= Raymond Evison =

British horticulturist

Raymond John Evison is a nurseryman, clematis breeder, lecturer, author and photographer. Born in 1944 he started his horticultural career at the age of 15 in Shropshire and moved to the island of Guernsey to set up The Guernsey Clematis Nursery in 1984.

== Clematis Nursery ==

In his lifetime he has introduced over 200 clematis species and cultivars, and The Guernsey Clematis Nursery remains one of the largest specialist producers of young clematis plants and supplies plants worldwide, distributing its plants via both wholesale and retail channels.

Evison’s most recent clematis introductions have focused on compact ornamental clematis cultivars more suitable for small gardens and have been achieved via a joint venture with Danish rose specialist Poulsen Roser A/S, and more recently through his own company Raymond J. Evison Ltd.

His first book "Making the Most of Clematis" was issued in 1977. This was followed by "The Gardener's Guide to Growing Clematis" (1998), "Clematis for Everyone" (2000) Clematites du 3 millenaire and more recently “Clematis for Small Spaces”(2007).

Since the 1980s, Evison has had strong representation within numerous horticultural bodies both British and international. After senior level involvement in the International Plants Propagators Society (as a previous international president) and the National Council for Conservation of Plants and Gardens, he was the main driving force behind the formation of the International Clematis Society in 1984, for which he was president from 1989–1991 and is now an honorary fellow.

He has held various positions as chairman of Royal Horticultural Society Committees as well as being a member of the RHS Council for 16 years and he was elected a Vice President of the RHS in 2005.

At a local level within Guernsey he heads up a project targeting the restoration of a Victorian Walled Kitchen Garden as the President of The Guernsey Botanical Trust.

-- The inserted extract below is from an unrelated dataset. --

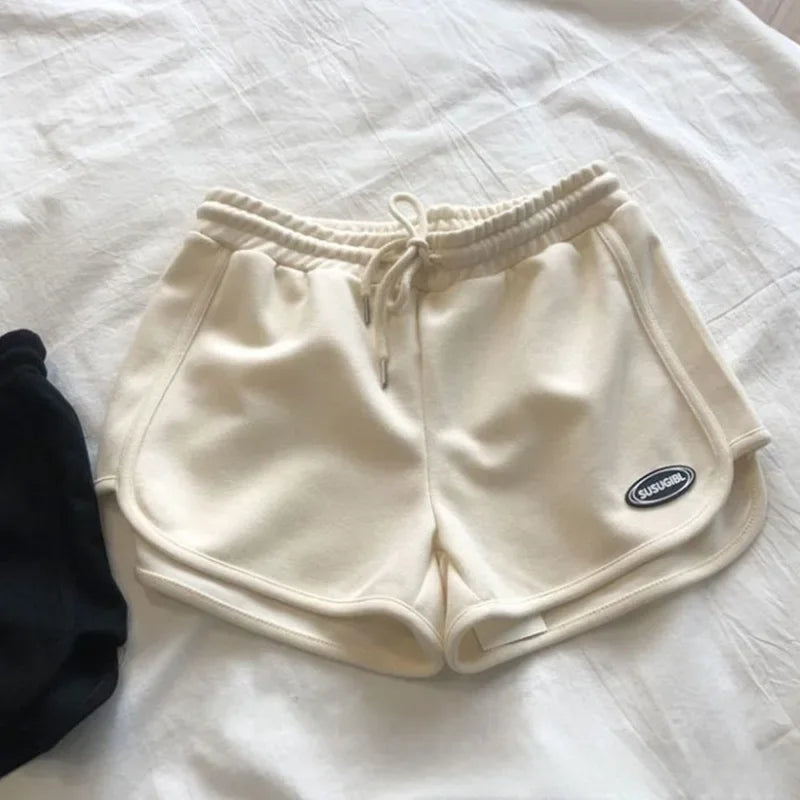 Pantalones cortos de verano para mujer, en forma de A, ajustados, versátiles, holgados, para chica, para verano, para exteriores, informales, deportivos, de tres piezas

He has also taken and supplied photographs of clematis and local wild flowers to the Guernsey Philatelic Bureau for reproduction on Guernsey postage stamps. In 2021 he set up the ‘Grow Guernsey Natives ‘ scheme for La Societe Guernesiaise, Botany Section, to conserve and produce rare Guernsey native plants, to save them for prosperity.

Raymond Evison still lives in Guernsey but travels widely both for business, plant hunting and lecture presentations on clematis.

== Honours ==

In 1995 he was awarded the RHS Victoria Medal of Honour for his outstanding service to British Horticulture.

He was awarded the RHS Reginald Cory Memorial Cup in 2004 for far-reaching work in breeding and developing new clematis cultivars.

In 2008 his book, “Clematis for Small Spaces”, earned him the Garden Media Guild award for Reference Book Of The Year.

2009 - 2013, Chairman of the RHS Woody Plant Committee.

2010 - 2013, Chairman of the RHS Plant Advisory Committee.

In 2012 he received the Achievement in Horticultural Award, Inst.of Horticulture, and in 2014, Contributor Award, Perennial Plant Assoc., USA.

In 2016 he was made a Hon Fellow, Kew Guild, and also received The Pearson Memorial Medal. Horticultural Trades Assoc., for his outstanding contributions to the Horticultural Trade, and was made a Fellow, The Linnean Society of London.

In 2019 he designed and planted a clematis garden for The Beijing Florascape Co Ltd., at the Beijing Expo.

In 2022 his company, The Guernsey Clematis Nursery Ltd., was granted a Royal Warrant by Appointment, His Royal Highness The Prince of Wales.

He has also been awarded RHS annual awards for exhibits of clematis including 6 Williams Memorial Medals and 2 Lawrence Medals .

He has displayed clematis at horticultural shows worldwide. His exhibits of clematis have been awarded 33 RHS Chelsea Show Gold medals to date (as at 2023).

He was appointed Officer of the Order of the British Empire (OBE) in the 2000 Birthday Honours for services to horticulture on Guernsey and Commander of the Order of the British Empire (CBE) in the 2024 New Year Honours for services to horticulture and Guernsey.

==Works==
- “Making the Most of Clematis” (1977) ISBN 978-0-903001-69-4.
- “The Gardeners Guide to Growing Clematis” (1998) ISBN 978-0-7153-0639-0.
- “Clematis for Everyone” (2000) ISBN 978-0-903001-70-0.
- “Clematis for Small Spaces” (2007) ISBN 978-0-88192-851-8.